[Opening Data section section]

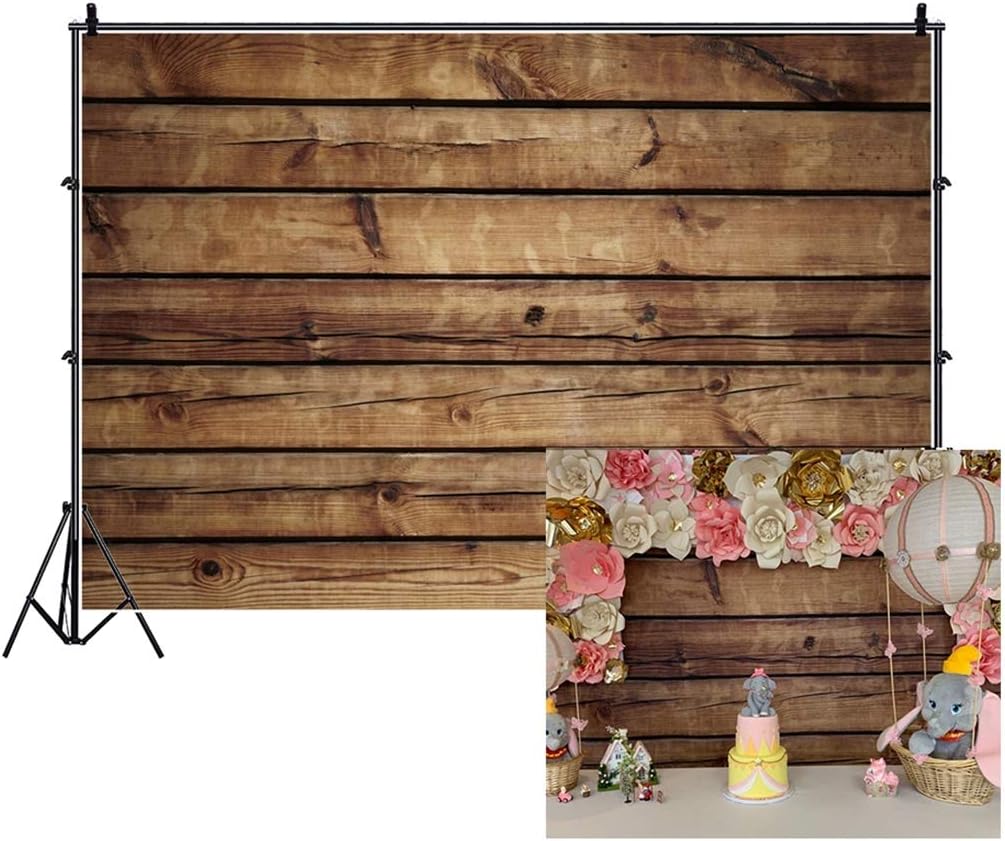 10x8ft Wood Backdrops for Photography - Vintage Seamless Design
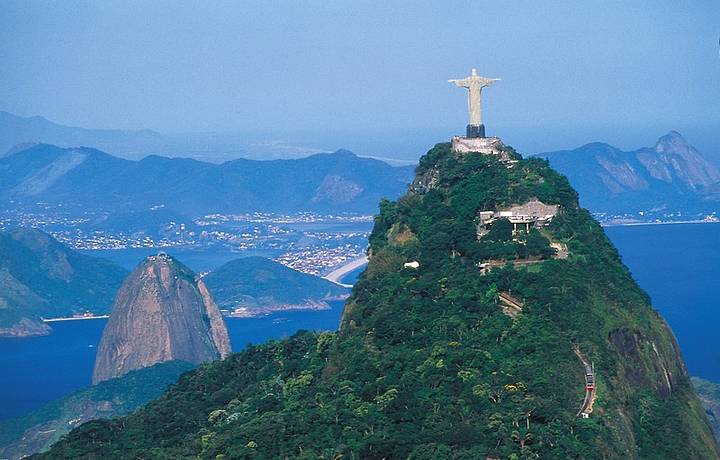 O monumento foi eleito uma das Sete Novas Maravilhas do Mundo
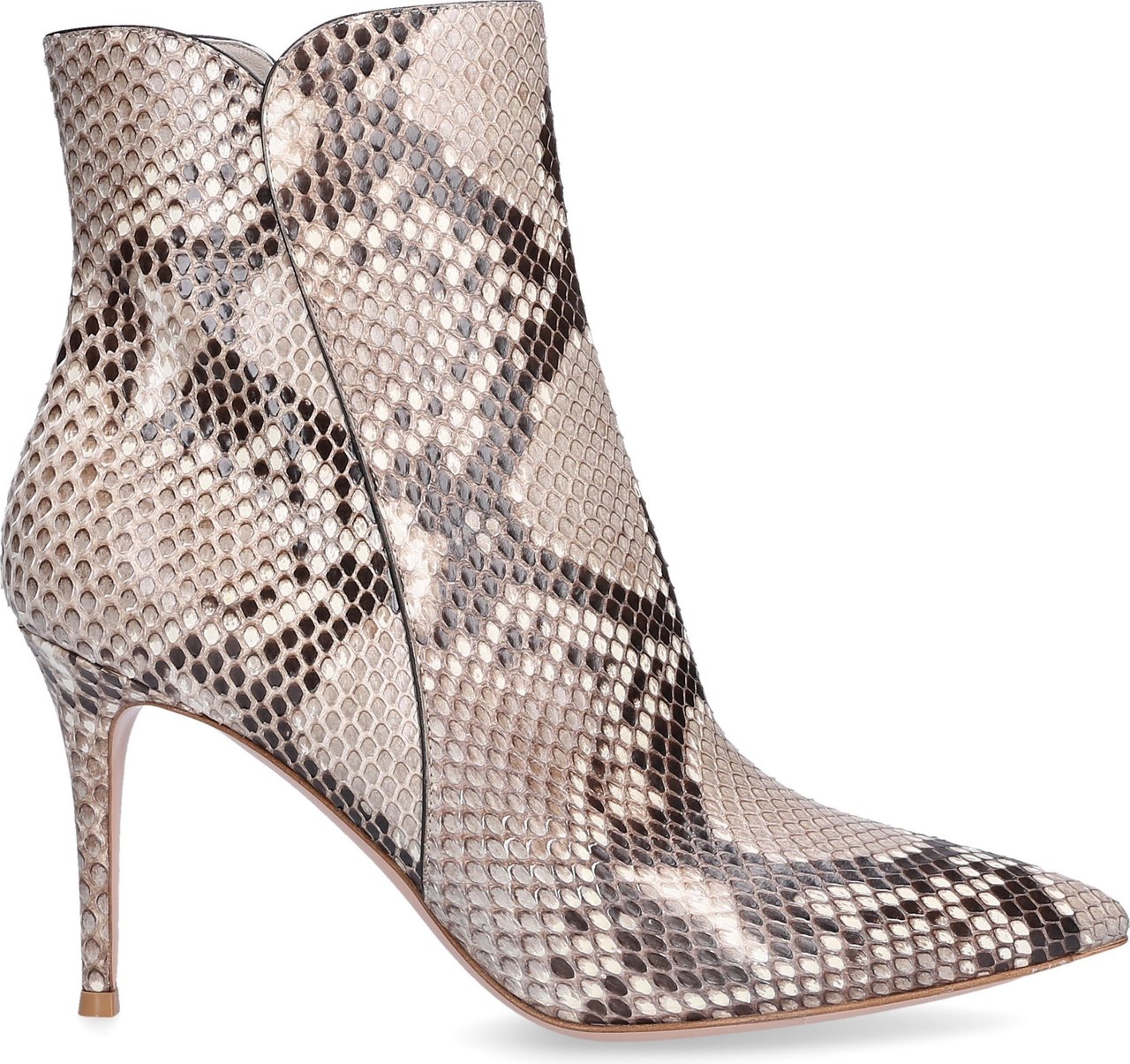Gianvito Rossi Ankle Boots Exotic Levy Python Leather Judy Grijs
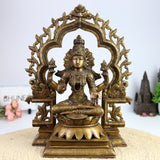 Handcrafted Brass Lakshmi Idol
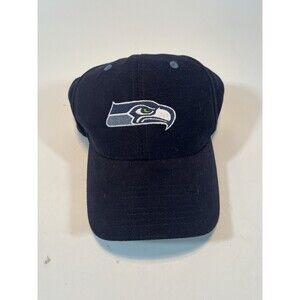 NFL Apparel Seattle Seahawks Hat Blue Embroidered Adjustable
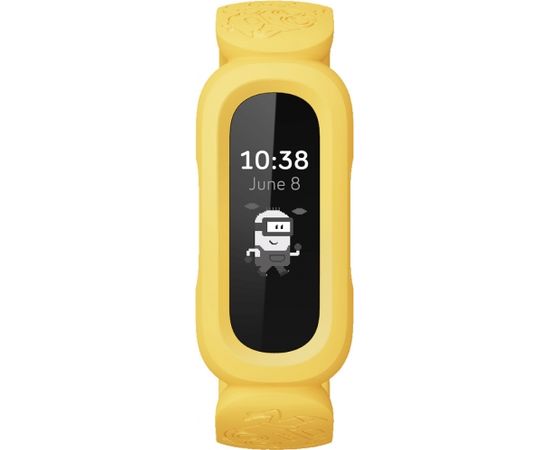 Fitbit activity tracker for kids Ace 3, minions yellow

[Closing Data section section]

*What the task asks*
Reproduce word for word only the lines between the line containing "O monumento foi" and the end of the listing above, both included, and drop any pictures.

*Task response*
 O monumento foi eleito uma das Sete Novas Maravilhas do Mundo
Gianvito Rossi Ankle Boots Exotic Levy Python Leather Judy Grijs
 Handcrafted Brass Lakshmi Idol
 NFL Apparel Seattle Seahawks Hat Blue Embroidered Adjustable
 Fitbit activity tracker for kids Ace 3, minions yellow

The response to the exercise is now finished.